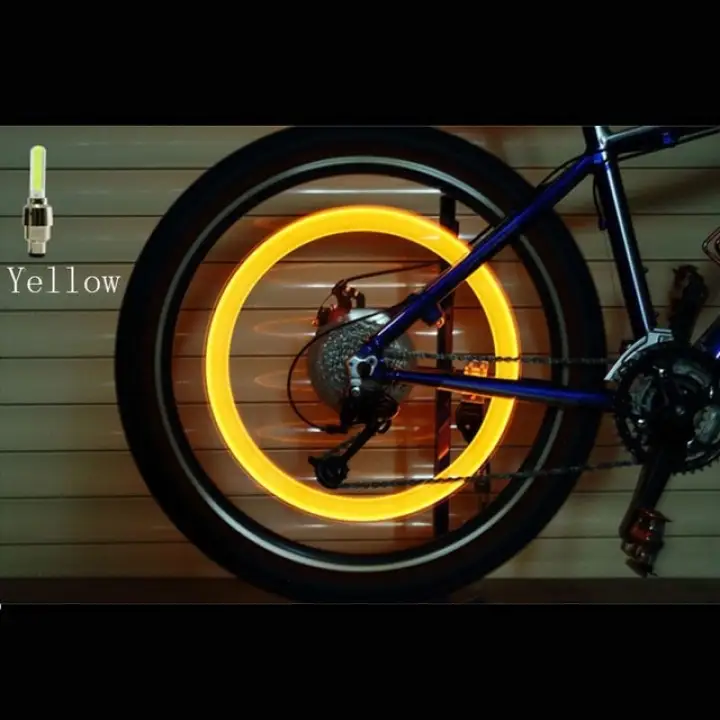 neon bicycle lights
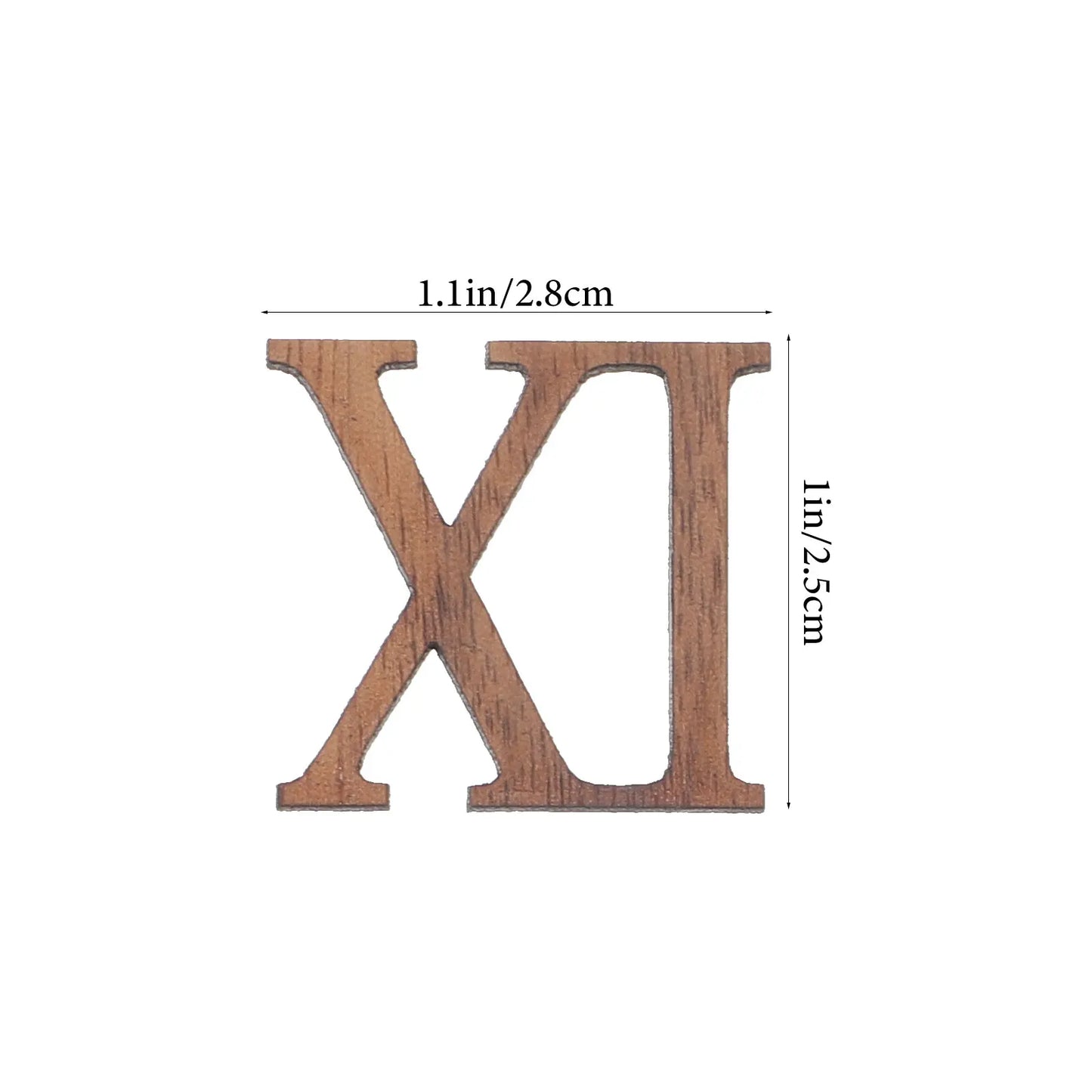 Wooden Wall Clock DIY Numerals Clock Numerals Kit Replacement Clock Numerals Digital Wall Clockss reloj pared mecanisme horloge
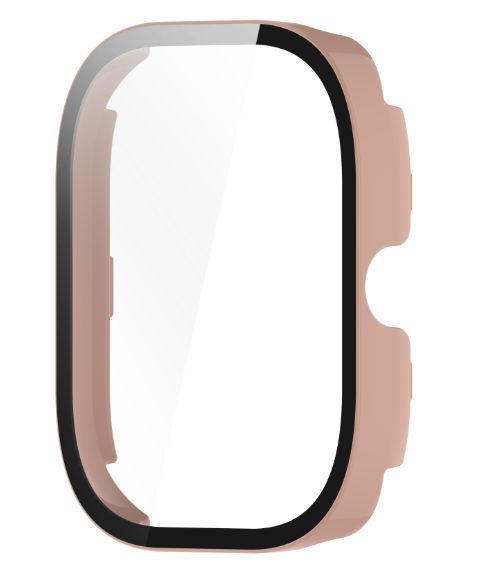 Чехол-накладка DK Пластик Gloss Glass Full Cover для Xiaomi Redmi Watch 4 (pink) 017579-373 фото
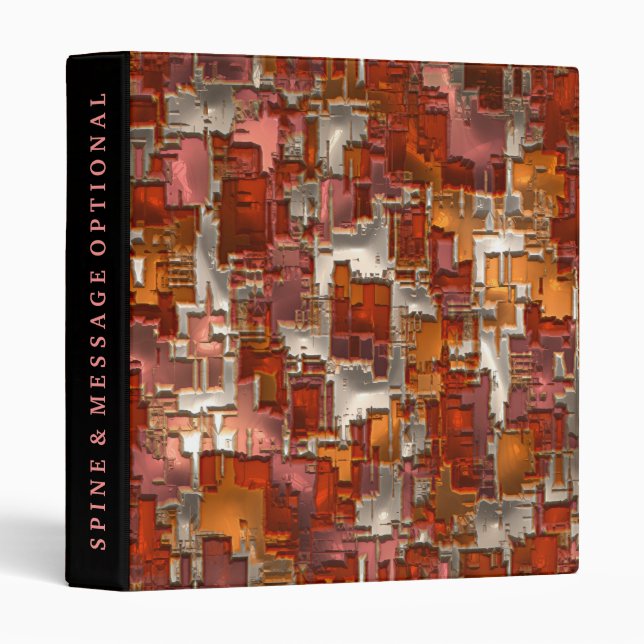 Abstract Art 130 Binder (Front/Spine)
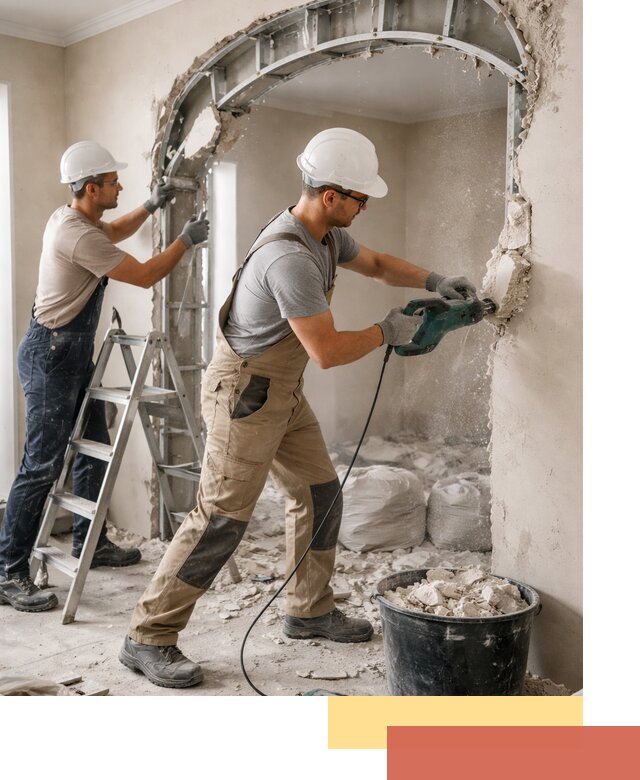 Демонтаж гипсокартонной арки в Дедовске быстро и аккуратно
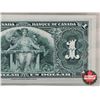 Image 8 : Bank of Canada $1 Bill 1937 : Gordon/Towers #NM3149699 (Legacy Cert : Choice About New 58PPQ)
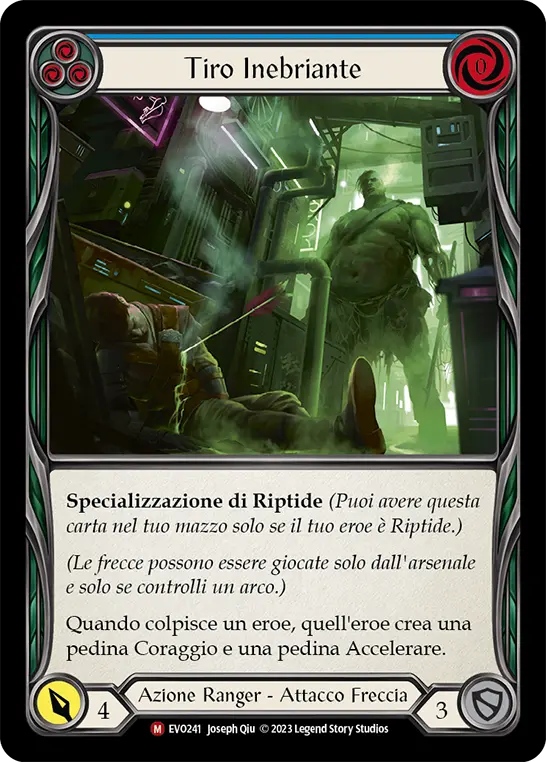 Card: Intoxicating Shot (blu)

+===+

• [TASK DIRECTIONS]: Each record above must be retyped exactly as given, with the images excluded.

• [SOLVED EXERCISE]:
 neon bicycle lights
 Wooden Wall Clock DIY Numerals Clock Numerals Kit Replacement Clock Numerals Digital Wall Clockss reloj pared mecanisme horloge
 Чехол-накладка DK Пластик Gloss Glass Full Cover для Xiaomi Redmi Watch 4 (pink) 017579-373 фото
 Abstract Art 130 Binder (Front/Spine)
 Демонтаж гипсокартонной арки в Дедовске быстро и аккуратно
 Image 8 : Bank of Canada $1 Bill 1937 : Gordon/Towers #NM3149699 (Legacy Cert : Choice About New 58PPQ)
 Card: Intoxicating Shot (blu)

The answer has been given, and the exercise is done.